In this section, you’ll refine the statement even further, again importing it into the Aggregation Editor. This time, you’ll add three more stages and update several existing stages. In one of the new stages, you’ll perform a lookup operation that retrieves data from a second collection in the same database. You’ll then convert values in one of the lookup fields and then add a field that uses those values to calculate ratios. Finally, you’ll limit the results of the aggregate
statement to the top five documents with the highest ratios.
By the end of this section, you will learn how to
- Add lookup data to the aggregation pipeline
- Convert string values in one of the lookup fields to integers
- Add a computed ratio field based on the converted lookup field
- Limit the number of returned documents
What you will need
- Access to a MongoDB Atlas cluster
- Access to the states_transactions.js file you updated in the second section
- Ability to download a .json file from the internet
Working with advanced aggregate operators
The key to building an aggregate statement is to ensure that it includes the stages necessary to process the documents in the correct order and return the desired results. To help with these stages, MongoDB provides a set of aggregate operators that carry out different operations on the aggregation pipeline. Each stage within the pipeline is associated with a single aggregate operator that determines how the inputted documents will be processed and outputted to the next pipeline stage.

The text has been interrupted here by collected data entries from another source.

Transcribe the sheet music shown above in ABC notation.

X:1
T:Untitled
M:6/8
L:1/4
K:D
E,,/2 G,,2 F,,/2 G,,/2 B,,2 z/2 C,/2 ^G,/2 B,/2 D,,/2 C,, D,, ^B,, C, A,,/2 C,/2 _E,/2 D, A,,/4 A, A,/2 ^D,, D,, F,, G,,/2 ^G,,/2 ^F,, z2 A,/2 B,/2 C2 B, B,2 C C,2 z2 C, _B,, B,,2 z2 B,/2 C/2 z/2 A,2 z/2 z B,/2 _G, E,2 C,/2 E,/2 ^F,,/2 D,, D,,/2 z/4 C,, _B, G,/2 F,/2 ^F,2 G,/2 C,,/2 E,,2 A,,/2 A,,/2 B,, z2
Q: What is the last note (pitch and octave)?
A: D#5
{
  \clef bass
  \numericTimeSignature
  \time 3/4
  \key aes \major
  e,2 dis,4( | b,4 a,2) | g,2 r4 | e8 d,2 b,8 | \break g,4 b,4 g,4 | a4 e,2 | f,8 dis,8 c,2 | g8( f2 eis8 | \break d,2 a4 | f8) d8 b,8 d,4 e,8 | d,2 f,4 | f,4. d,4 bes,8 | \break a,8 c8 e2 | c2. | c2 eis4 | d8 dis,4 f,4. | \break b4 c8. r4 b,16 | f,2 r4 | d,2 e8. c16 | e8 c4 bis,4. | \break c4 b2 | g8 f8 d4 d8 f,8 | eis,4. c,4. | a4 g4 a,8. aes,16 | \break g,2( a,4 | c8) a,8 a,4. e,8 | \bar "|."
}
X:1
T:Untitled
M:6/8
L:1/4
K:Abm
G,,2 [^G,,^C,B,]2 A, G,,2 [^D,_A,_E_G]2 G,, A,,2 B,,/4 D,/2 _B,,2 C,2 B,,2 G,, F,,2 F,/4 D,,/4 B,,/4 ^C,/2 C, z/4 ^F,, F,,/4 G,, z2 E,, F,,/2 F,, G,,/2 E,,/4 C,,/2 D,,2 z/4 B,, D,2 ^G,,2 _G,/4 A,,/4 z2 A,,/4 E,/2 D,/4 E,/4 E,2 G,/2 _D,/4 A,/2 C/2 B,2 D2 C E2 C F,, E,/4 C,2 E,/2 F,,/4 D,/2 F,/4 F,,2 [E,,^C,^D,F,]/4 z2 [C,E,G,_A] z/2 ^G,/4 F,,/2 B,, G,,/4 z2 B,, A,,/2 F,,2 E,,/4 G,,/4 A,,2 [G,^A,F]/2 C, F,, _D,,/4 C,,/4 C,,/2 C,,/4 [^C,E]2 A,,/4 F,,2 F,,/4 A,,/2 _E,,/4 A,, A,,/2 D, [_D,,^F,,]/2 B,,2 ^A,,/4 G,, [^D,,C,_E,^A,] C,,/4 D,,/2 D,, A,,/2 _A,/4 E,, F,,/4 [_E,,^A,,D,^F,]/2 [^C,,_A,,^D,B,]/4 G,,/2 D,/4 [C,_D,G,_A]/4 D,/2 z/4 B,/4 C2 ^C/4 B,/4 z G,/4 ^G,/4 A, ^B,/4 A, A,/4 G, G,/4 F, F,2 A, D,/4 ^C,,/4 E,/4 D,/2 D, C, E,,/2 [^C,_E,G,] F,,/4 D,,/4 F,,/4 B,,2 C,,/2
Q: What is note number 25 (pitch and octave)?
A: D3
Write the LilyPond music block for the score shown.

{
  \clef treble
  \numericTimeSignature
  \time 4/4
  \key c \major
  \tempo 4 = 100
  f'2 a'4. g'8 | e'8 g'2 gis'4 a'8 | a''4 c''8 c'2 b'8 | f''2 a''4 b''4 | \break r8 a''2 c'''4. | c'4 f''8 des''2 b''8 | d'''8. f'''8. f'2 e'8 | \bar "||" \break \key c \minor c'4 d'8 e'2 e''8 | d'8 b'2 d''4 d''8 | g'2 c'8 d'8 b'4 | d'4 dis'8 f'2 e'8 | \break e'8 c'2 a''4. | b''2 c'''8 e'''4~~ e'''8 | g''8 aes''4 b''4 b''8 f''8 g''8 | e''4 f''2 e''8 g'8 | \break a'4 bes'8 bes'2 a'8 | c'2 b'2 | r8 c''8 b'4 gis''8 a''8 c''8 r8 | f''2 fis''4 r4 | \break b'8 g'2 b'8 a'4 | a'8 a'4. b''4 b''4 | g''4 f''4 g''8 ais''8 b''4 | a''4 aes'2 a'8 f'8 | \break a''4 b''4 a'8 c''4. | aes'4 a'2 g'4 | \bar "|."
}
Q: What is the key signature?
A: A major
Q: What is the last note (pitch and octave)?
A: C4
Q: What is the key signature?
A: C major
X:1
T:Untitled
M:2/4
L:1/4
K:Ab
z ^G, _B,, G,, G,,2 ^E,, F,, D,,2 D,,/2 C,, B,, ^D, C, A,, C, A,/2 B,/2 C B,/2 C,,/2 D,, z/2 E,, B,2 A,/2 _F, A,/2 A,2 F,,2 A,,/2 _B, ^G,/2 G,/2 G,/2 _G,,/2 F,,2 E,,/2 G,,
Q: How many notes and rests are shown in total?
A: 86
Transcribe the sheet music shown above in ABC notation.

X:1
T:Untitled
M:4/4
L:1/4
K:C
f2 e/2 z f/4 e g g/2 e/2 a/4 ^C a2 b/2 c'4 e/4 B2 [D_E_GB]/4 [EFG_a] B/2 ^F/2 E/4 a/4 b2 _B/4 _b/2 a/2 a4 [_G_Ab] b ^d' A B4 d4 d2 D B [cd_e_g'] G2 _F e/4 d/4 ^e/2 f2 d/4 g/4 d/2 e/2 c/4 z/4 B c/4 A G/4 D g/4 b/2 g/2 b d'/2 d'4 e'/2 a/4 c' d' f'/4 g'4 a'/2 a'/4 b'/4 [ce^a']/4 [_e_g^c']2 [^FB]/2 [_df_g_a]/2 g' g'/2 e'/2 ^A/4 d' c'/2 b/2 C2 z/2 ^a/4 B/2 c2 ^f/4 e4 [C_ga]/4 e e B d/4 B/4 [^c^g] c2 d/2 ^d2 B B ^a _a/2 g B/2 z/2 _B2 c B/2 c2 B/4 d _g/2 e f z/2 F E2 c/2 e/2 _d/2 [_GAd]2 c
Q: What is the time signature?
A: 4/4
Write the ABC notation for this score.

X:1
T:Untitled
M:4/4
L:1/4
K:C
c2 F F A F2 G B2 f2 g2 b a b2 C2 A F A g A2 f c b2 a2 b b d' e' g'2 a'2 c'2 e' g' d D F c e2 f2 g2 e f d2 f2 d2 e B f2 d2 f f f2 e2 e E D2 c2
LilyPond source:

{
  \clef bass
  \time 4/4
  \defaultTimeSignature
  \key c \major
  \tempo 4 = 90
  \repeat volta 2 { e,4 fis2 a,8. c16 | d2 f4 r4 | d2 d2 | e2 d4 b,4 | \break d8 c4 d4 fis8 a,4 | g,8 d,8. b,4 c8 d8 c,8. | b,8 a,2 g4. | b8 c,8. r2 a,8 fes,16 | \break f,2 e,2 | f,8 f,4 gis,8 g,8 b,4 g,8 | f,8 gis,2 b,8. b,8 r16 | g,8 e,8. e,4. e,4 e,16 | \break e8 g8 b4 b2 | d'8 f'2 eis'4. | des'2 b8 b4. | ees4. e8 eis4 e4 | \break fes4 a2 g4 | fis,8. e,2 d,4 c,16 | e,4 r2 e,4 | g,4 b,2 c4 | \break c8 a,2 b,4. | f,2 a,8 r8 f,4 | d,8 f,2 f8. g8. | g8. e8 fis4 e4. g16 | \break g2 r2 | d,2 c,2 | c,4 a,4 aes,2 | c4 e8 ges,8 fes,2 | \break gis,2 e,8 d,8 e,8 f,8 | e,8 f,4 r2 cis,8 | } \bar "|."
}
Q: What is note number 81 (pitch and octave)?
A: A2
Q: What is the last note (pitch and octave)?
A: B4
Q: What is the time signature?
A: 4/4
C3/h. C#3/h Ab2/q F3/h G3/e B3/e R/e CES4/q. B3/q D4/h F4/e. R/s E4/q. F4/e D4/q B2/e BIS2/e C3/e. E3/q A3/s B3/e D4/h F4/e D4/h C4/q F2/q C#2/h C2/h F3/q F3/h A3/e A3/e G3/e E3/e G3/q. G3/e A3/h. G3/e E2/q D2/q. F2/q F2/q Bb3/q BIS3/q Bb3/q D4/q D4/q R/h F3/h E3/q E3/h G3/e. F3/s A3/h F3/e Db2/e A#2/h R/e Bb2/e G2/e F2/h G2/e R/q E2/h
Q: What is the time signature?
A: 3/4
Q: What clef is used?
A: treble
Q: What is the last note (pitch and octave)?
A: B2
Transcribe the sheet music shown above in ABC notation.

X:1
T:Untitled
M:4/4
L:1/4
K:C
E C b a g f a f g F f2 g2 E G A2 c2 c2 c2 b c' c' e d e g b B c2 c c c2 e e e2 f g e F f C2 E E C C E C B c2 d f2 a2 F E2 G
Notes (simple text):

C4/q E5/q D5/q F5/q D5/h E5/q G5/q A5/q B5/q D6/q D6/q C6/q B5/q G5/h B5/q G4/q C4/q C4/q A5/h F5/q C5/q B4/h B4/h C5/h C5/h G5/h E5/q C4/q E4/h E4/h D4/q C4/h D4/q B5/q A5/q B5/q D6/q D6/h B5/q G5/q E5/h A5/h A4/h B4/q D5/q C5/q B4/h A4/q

In the first two sections of this course, you worked with the following operators when building your aggregate
statement:
- $match. Filters out all documents from the pipeline except those that match the specified condition.
- $group. Groups documents based on a specified expression and outputs a document for each grouping. The outputted documents typically include one or more computed fields that calculate the accumulated values.
- $project. Restructures each document in the pipeline by adding, retaining, reshaping, or suppressing fields.
- $replaceRoot. Replaces each document in the pipeline with the specified embedded document.
- $sort. Reorders the documents in the pipeline based on the specified sorting logic.
At this point, you should be fairly familiar with these operators, but if you have any questions about them, refer to the first two sections in this course or the MongoDB documentation.
$lookup
In this section of the course, you’ll learn how to use several other aggregate operators. The first of these is the $lookup
operator, which joins documents in the primary collection with documents in a secondary collection. The primary collection is the one on which you base your aggregate
statement. The secondary collection is the one that contains the data you’ll be incorporating into the aggregation pipeline based on matching values. To use the $lookup
operator, the secondary collection must be non-sharded and be in the same database as the primary collection.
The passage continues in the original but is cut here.